### Data
======
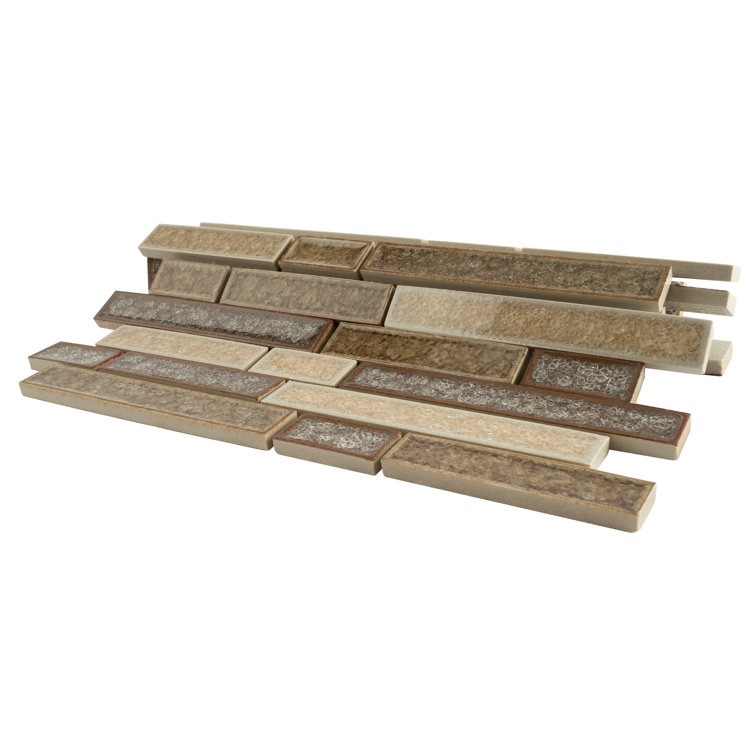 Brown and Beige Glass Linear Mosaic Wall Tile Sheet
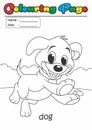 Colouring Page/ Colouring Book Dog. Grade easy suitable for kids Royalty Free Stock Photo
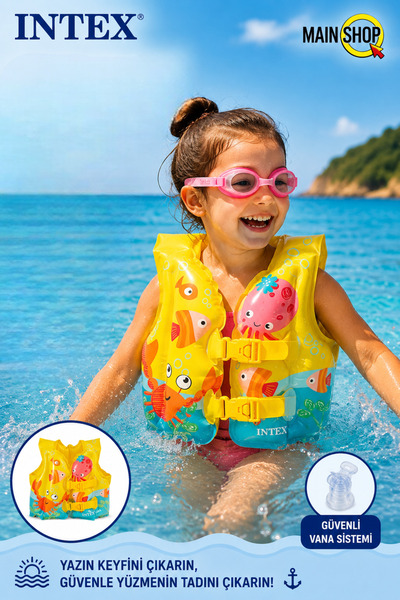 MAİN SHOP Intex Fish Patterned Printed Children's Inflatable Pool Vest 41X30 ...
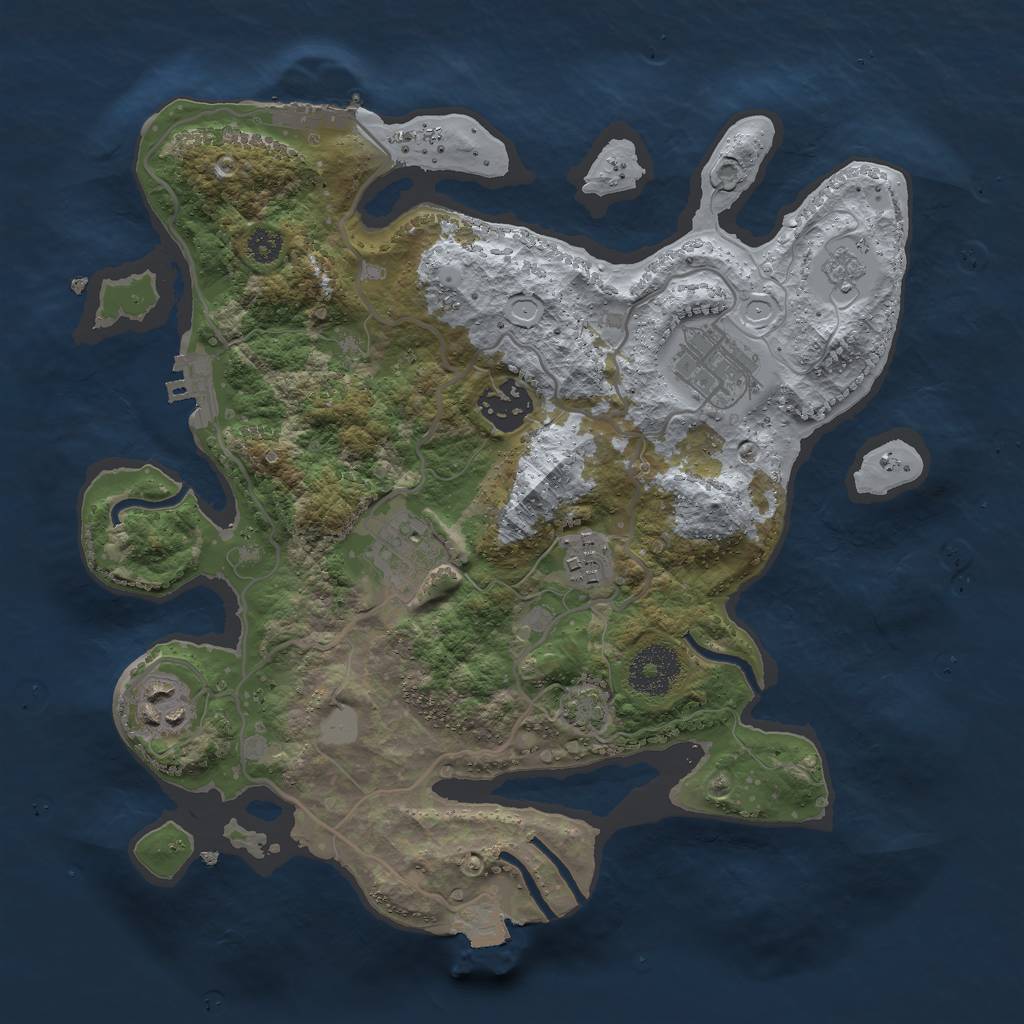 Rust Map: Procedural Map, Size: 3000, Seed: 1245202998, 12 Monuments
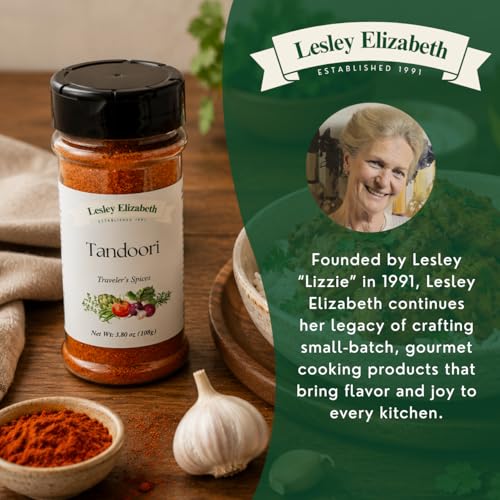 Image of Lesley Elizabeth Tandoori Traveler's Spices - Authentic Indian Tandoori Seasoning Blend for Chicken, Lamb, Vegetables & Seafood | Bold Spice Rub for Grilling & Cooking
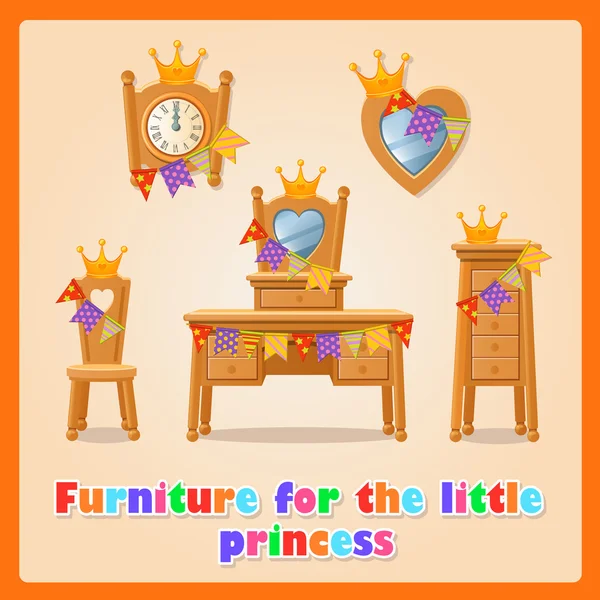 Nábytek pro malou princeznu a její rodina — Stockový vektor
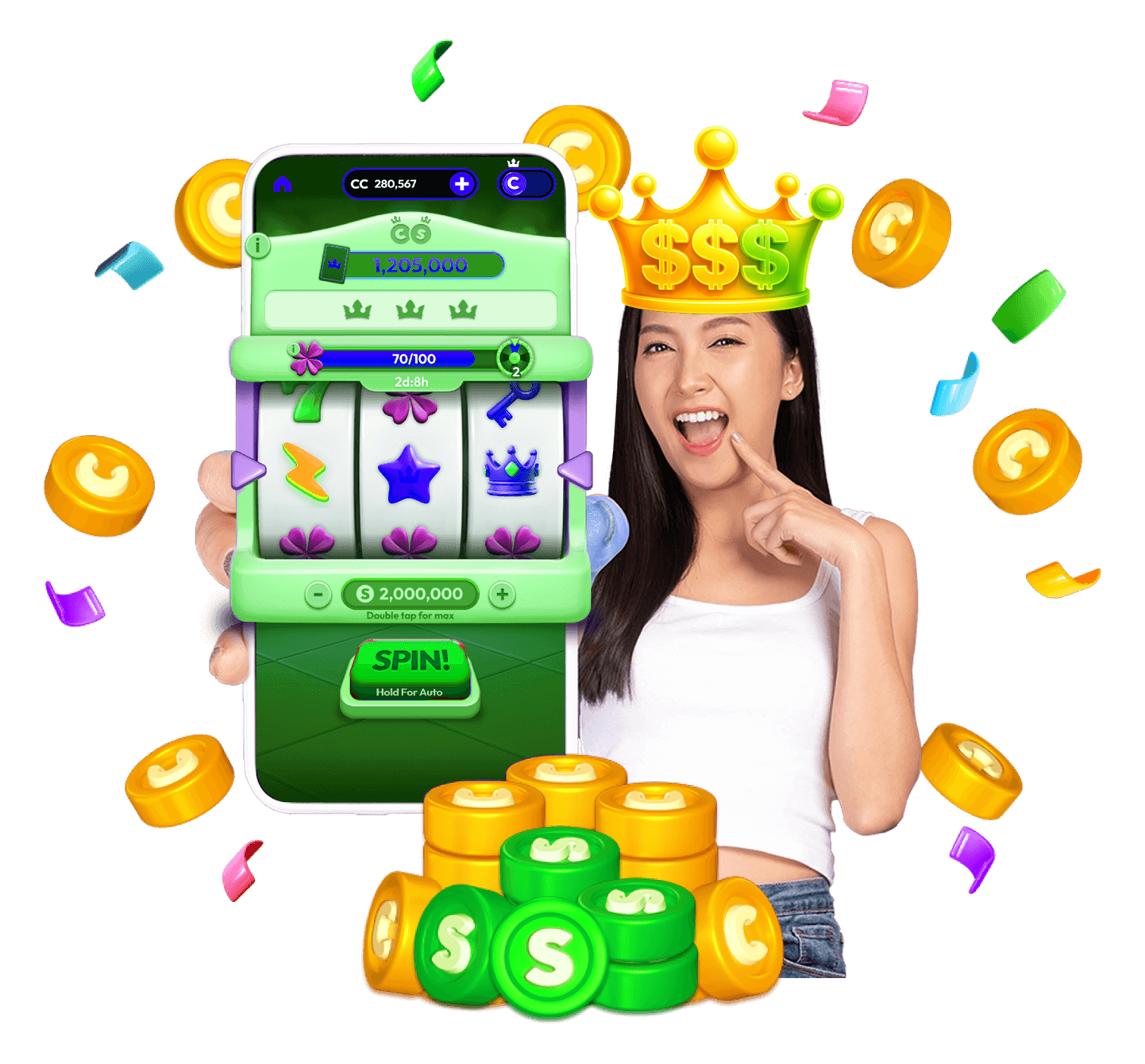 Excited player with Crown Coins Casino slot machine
======
### Instructions to follow
Pictures are to be left out; please print the rest of the records above word for word.

### Exercise response
 Brown and Beige Glass Linear Mosaic Wall Tile Sheet
 Colouring Page/ Colouring Book Dog. Grade easy suitable for kids Royalty Free Stock Photo
 MAİN SHOP Intex Fish Patterned Printed Children's Inflatable Pool Vest 41X30 ...
 Rust Map: Procedural Map, Size: 3000, Seed: 1245202998, 12 Monuments
 Image of Lesley Elizabeth Tandoori Traveler's Spices - Authentic Indian Tandoori Seasoning Blend for Chicken, Lamb, Vegetables & Seafood | Bold Spice Rub for Grilling & Cooking
 Nábytek pro malou princeznu a její rodina — Stockový vektor
 Excited player with Crown Coins Casino slot machine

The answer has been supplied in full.